Auburn as the No. 1 overall seed is not supposed to lose to a 5 seed in Michigan.

The NCAA Tournament is not supposed to continue on to the Elite Eight and beyond without Mark Sears and Johni Broome, without Nate Oats and Bruce Pearl, without the two teams that played the first 1 vs. 2 game in SEC history just six weeks ago.

Alabama started this season ranked No. 2 in the AP poll and never dropped out of the top 10. Auburn began at No. 11, immediately jumped to No. 5 and then No. 4 and never fell lower, a school-record run that included eight straight weeks at No. 1.

With both teams playing in the Sweet 16 together for just the third time, for the first time since 1986, it’s tempting to say it’s Final Four or bust for each. No one saw this 1-2 punch coming back then. Most everyone sees this dance going one step farther. At least.

Getting to the final weekend wouldn’t be a novelty for the Tide or Tigers. The problem is the word “bust.”

No Alabama season that earns a No. 2 seed in the NCAA Tournament and reaches 25 victories and the Sweet 16 for a third straight year can be fairly considered a bust. Ditto for an Auburn season that ties the school record with 30 victories and includes the program’s first No. 1 overall NCAA Tournament seed and an SEC regular-season title in a year the league sent a record 14 teams to the Big Dance and seven to the Sweet 16.

No matter what happens tonight against BYU, Sears will always have the floater to beat Auburn as part of a first-team All-American season. No matter what occurs Friday night against Michigan, Broome will always be the Sporting News national player of the year. But these programs have set a standard they now expect to sustain them to the second weekend of March Madness and beyond.

Their collective accomplishments for the better part of a decade would’ve felt like a fever dream a decade ago.

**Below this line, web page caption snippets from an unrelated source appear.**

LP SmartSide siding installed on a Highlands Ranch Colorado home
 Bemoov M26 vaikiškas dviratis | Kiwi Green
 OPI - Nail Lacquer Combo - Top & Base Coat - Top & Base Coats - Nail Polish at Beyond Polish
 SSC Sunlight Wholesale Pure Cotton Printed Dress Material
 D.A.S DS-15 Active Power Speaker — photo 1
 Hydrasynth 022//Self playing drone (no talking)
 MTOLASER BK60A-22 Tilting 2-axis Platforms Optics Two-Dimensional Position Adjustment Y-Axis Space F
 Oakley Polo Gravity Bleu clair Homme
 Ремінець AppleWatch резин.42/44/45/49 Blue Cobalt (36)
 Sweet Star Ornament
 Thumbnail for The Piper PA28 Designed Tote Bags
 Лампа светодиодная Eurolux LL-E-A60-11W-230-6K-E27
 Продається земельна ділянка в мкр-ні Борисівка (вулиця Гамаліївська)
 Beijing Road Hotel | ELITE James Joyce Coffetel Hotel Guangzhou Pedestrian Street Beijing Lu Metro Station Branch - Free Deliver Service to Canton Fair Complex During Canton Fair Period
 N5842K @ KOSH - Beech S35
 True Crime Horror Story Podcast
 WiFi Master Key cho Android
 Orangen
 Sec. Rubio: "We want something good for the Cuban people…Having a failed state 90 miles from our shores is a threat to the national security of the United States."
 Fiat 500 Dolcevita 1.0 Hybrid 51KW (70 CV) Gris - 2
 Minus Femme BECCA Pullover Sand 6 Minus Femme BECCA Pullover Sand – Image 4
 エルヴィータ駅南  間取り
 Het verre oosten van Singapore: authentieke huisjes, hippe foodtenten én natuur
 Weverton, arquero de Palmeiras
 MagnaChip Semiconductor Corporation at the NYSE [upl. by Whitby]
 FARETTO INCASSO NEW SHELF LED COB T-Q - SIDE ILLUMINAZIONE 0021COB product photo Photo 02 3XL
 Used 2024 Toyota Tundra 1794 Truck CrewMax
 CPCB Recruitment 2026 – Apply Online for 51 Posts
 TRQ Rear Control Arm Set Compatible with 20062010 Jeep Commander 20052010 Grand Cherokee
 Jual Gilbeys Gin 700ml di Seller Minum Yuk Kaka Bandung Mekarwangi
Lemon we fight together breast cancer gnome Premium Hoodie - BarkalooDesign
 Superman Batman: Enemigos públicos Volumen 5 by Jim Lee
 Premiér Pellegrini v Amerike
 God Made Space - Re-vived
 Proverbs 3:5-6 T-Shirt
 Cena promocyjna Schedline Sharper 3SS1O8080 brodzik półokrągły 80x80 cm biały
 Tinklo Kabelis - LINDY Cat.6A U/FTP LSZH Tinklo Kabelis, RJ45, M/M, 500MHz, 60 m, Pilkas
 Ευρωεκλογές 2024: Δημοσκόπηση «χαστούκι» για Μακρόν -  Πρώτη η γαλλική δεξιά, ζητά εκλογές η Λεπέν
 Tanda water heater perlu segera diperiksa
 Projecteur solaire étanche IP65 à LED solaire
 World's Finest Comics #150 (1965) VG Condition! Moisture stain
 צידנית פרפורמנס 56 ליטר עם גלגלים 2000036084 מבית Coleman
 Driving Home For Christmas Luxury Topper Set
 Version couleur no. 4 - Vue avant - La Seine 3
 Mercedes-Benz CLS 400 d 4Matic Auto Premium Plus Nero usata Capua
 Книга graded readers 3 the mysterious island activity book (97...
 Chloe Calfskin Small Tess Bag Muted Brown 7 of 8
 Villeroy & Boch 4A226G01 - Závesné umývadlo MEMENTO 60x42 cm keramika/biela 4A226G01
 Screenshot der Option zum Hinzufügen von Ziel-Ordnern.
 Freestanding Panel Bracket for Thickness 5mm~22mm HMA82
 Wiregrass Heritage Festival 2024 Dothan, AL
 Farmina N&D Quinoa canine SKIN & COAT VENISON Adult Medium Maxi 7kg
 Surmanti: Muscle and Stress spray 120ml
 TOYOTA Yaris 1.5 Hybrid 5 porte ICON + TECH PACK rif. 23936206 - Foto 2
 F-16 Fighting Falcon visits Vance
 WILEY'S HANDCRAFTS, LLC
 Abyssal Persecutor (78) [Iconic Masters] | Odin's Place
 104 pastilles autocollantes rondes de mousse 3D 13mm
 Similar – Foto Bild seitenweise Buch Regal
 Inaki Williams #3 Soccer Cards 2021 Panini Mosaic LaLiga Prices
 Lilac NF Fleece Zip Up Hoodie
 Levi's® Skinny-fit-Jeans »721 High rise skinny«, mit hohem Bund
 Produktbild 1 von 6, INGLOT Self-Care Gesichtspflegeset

They have combined to win nine of 15 SEC championships in the last eight years, seven of 10 in the last five seasons. Since Oats got to Tuscaloosa, Alabama has won 144 games. So has Auburn. No one in the conference has won as many although Tennessee is just one win behind.

The IBOB adversaries have reached that rare atmosphere where virtually every victory is expected and every fan is gutted by each defeat. So of course Alabama should get back to the Elite Eight for a second straight year with a returning core of Sears and Grant Nelson in their final college seasons with a surrounding cast that makes them the No. 1 scoring team in the country.

Naturally, Auburn should return to the Elite Eight for the first time since 2019 with a familiar foundation of Broome, Dylan Cardwell, Denver Jones and Chad Baker-Mazara fortified by a deep rotation that fills every need for a team that’s No. 1 in the nation in Strength of Record.

Neither Alabama nor Auburn has to act like they’ve been here before. There’s no acting required. If this is a new experience for freshman phenoms Labaron Philon and Tahaad Pettiford, well, it’s familiar territory for the brands.

Neither rival has to play a perfect game to survive and advance. When Alabama reaches or even approaches its ceiling, it’s good enough to beat Houston on a neutral floor and Auburn on Senior Day in the Jungle. BYU is not Houston. In fact, BYU is 0-2 against Kelvin Sampson and company.

When Auburn achieves or approximates maximum efficiency, it’s good enough to beat Houston in Houston and Alabama in Tuscaloosa in the most hyped Iron Bowl of Basketball ever. Michigan is not Houston. State Farm Arena is not Coleman Coliseum. Quite the opposite. It will look, feel and sound a lot like the Jungle given the short drive from Auburn to Atlanta.

So there is every reason to believe that, for the third time each, Alabama and Auburn will advance to the Elite Eight, and for the first time, they will do it together. If either of them stumbles before the regional finals, it will not render this season a bust. It will mean the losing team didn’t do everything it was capable of doing and fell short of the horizon within its grasp.

It’s time for Alabama to take the next step toward history and for Auburn to do the same. This season has been too good and too special with too much historic potential – some fulfilled and some unfinished – for it to end right here.

We should see them both in the Elite Eight.